Article 16
Modifié par Avenant n° 1 1957-12-04 étendu par arrêté du 1er septembre 1959 JORF 13 septembre 1959
Modifié par Avenant n° 10 1981-05-12 étendu par arrêté du 1er décembre 1981 JONC 18 décembre 1981
Modifié par Avenant n° 12 1985-01-23 étendu par arrêté du 14 août 1985 JORF 6 septembre 1985
Création Convention collective nationale 1950-12-21 en vigueur le 21 décembre 1950 étendue par arrêté du 1er février 1955 JORF 26 février 1955
1. Absence d'une durée au plus égale à 6 mois
L'absence d'une durée au plus égale à 6 mois, justifiée par l'incapacité résultant de maladie ou d'accident autre qu'accident du travail, ne constitue pas une rupture du contrat de travail. Elle doit être notifiée à l'employeur le plus rapidement possible et au plus tard dans un délai de 2 jours francs, sauf cas de force majeure.

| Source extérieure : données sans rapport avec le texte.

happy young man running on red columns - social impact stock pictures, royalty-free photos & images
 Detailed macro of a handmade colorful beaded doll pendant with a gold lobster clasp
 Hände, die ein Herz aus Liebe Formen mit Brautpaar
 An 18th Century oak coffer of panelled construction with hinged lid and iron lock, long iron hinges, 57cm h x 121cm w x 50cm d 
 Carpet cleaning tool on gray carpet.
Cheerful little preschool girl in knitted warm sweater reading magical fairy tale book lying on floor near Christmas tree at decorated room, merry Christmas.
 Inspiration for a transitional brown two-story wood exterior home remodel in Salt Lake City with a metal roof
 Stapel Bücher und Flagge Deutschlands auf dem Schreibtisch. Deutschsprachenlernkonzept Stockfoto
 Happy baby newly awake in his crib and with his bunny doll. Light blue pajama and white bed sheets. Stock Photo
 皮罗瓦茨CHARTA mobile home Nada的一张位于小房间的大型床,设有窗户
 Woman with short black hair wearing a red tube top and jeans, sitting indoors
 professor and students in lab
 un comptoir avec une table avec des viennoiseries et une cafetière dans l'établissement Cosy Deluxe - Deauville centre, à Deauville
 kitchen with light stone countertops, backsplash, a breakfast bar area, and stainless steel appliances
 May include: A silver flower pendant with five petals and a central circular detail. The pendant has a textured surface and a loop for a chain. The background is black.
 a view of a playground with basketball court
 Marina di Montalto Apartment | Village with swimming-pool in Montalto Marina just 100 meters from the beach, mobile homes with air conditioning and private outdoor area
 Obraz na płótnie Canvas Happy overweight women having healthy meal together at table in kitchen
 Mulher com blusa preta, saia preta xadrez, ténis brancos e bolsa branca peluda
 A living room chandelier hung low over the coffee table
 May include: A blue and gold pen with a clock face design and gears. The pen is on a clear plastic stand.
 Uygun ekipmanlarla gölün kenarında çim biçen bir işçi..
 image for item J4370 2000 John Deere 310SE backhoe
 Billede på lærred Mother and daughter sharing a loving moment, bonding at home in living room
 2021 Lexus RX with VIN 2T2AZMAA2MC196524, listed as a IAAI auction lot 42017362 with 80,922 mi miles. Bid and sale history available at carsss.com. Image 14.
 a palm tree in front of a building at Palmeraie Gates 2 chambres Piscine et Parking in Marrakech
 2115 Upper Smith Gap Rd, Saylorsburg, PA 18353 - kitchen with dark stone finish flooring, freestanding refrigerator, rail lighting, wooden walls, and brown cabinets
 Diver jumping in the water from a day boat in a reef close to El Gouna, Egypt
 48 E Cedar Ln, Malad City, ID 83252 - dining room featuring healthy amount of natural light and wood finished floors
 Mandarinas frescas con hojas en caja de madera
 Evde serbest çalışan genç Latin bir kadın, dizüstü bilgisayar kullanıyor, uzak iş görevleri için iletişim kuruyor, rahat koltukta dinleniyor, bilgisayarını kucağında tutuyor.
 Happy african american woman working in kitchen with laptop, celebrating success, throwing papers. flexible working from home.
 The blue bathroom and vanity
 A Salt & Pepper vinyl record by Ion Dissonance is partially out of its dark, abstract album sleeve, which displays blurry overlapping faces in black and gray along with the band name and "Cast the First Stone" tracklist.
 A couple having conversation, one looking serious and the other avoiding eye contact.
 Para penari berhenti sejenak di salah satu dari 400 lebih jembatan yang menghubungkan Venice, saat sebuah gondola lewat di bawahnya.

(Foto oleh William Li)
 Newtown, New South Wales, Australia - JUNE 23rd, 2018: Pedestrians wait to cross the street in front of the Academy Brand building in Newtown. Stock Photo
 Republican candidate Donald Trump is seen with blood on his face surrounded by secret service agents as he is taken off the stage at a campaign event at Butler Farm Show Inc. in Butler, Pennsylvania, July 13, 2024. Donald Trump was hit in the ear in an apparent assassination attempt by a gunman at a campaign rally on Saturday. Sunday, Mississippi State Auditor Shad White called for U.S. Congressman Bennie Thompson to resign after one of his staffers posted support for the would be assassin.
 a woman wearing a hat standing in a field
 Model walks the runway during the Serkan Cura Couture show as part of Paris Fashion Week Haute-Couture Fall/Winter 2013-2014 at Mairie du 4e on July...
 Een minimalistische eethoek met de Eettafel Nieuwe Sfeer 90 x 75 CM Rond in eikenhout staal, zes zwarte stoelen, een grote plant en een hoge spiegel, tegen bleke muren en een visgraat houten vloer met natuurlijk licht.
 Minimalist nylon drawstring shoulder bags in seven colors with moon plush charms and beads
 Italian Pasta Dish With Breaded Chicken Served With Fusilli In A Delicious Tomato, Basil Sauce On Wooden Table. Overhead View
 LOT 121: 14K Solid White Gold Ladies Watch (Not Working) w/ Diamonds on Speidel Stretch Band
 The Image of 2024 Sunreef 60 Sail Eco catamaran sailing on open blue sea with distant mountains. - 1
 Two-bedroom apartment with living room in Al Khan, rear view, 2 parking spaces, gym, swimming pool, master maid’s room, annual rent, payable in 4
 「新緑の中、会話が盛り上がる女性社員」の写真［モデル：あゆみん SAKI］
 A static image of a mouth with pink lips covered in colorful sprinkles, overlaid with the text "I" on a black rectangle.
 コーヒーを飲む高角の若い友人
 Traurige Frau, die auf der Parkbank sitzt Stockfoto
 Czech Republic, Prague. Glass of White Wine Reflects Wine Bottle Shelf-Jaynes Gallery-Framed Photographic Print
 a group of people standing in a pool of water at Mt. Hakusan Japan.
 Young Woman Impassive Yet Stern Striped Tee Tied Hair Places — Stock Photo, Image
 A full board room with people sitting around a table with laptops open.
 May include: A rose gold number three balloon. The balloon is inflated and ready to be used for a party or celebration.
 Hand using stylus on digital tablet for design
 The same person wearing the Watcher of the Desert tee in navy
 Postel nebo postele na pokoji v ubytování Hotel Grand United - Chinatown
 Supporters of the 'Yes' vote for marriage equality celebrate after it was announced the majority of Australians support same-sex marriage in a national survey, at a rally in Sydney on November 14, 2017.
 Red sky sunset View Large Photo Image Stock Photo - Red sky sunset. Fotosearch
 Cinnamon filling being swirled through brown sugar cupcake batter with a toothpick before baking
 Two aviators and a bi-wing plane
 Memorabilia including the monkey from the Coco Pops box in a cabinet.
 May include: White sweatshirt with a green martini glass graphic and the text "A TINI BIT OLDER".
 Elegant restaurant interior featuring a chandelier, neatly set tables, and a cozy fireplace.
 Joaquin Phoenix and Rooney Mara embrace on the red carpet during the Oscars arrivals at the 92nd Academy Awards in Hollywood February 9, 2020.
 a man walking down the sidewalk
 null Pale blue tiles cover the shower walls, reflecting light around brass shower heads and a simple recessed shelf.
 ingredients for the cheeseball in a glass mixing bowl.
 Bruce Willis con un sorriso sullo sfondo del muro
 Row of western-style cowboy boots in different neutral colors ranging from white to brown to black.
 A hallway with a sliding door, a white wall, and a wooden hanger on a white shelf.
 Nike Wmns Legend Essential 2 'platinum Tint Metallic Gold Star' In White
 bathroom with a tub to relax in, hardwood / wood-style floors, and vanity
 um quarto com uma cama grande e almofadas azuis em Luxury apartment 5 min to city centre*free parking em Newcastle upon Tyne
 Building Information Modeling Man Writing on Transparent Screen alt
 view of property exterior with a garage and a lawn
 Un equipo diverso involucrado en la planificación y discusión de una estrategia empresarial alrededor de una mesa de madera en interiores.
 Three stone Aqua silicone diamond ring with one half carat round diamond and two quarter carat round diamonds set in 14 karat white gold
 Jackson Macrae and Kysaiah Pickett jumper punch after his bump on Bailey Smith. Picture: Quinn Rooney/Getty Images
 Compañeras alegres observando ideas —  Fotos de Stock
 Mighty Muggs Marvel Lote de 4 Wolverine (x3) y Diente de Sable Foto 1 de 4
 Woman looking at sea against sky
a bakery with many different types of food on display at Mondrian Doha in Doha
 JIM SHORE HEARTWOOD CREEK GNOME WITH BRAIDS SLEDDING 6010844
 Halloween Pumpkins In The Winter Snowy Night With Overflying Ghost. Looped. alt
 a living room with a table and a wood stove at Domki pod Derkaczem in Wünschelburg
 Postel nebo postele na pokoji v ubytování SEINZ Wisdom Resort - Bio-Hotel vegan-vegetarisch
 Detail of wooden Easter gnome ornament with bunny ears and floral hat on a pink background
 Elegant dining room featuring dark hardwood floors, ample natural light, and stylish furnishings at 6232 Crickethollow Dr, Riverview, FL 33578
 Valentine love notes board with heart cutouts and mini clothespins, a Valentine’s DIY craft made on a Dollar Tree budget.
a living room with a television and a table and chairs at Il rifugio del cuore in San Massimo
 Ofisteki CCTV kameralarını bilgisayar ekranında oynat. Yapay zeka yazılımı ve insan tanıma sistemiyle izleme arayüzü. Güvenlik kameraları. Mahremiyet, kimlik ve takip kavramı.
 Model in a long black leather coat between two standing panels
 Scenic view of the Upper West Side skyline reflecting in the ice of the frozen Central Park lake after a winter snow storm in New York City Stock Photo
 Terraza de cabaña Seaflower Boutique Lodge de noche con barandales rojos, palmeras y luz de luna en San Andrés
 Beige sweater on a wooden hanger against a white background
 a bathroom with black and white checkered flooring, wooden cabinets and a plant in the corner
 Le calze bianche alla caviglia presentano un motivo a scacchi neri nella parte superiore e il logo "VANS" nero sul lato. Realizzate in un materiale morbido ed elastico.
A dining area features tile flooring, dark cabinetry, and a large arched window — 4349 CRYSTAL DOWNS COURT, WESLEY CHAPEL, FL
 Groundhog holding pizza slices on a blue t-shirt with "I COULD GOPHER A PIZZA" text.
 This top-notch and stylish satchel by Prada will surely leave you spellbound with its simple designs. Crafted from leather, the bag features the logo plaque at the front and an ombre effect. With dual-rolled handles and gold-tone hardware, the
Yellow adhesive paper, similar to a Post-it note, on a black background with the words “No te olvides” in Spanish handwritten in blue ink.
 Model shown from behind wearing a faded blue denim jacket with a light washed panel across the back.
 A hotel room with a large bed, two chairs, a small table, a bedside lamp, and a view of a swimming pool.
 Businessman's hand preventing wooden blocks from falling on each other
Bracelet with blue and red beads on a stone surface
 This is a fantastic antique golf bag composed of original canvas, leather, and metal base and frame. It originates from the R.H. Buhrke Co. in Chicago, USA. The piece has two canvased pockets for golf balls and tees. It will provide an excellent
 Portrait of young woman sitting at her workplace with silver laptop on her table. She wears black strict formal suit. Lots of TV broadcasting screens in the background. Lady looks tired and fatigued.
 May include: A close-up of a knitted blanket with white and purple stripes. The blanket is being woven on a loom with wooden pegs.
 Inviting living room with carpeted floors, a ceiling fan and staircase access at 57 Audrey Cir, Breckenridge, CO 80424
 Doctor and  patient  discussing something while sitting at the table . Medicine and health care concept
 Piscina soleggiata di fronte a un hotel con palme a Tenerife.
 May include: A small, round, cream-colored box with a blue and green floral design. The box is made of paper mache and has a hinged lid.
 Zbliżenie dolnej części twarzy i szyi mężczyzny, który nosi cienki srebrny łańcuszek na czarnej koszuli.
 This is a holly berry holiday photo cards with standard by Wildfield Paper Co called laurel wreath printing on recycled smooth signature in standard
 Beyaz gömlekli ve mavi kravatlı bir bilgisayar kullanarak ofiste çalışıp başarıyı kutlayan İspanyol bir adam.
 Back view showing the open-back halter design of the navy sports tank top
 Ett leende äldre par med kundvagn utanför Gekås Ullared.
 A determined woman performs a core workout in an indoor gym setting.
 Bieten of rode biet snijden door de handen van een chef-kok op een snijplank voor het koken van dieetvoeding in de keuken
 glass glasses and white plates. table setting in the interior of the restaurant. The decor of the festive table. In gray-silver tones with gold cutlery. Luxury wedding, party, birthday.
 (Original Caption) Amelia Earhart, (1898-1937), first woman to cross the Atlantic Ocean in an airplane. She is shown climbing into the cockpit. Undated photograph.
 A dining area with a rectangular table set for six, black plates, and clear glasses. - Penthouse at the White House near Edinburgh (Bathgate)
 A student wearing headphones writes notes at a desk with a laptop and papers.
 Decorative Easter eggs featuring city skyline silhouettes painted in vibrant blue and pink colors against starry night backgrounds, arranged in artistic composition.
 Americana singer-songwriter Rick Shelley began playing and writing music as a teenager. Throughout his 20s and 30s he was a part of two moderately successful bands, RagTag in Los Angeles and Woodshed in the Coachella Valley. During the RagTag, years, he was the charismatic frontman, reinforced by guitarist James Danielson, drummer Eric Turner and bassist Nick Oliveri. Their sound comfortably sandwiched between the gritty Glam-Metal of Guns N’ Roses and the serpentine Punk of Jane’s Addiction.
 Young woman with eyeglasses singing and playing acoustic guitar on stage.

La durée maximale de 6 mois visée à l'alinéa précédent est portée à 12 mois pour les salariés justifiant, au moment de l'arrêt de travail, être âgés d'au moins 50 ans et avoir acquis une ancienneté minimale de 15 ans dans l'entreprise.
Lorsque l'absence impose le remplacement effectif de l'intéressé, le nouvel embauché doit être informé du caractère provisoire de l'emploi. Si l'absence est d'une durée supérieure à celle de la période d'essai, le travailleur absent doit informer la direction de son retour suffisamment à l'avance pour permettre de donner au remplaçant le préavis auquel il a droit.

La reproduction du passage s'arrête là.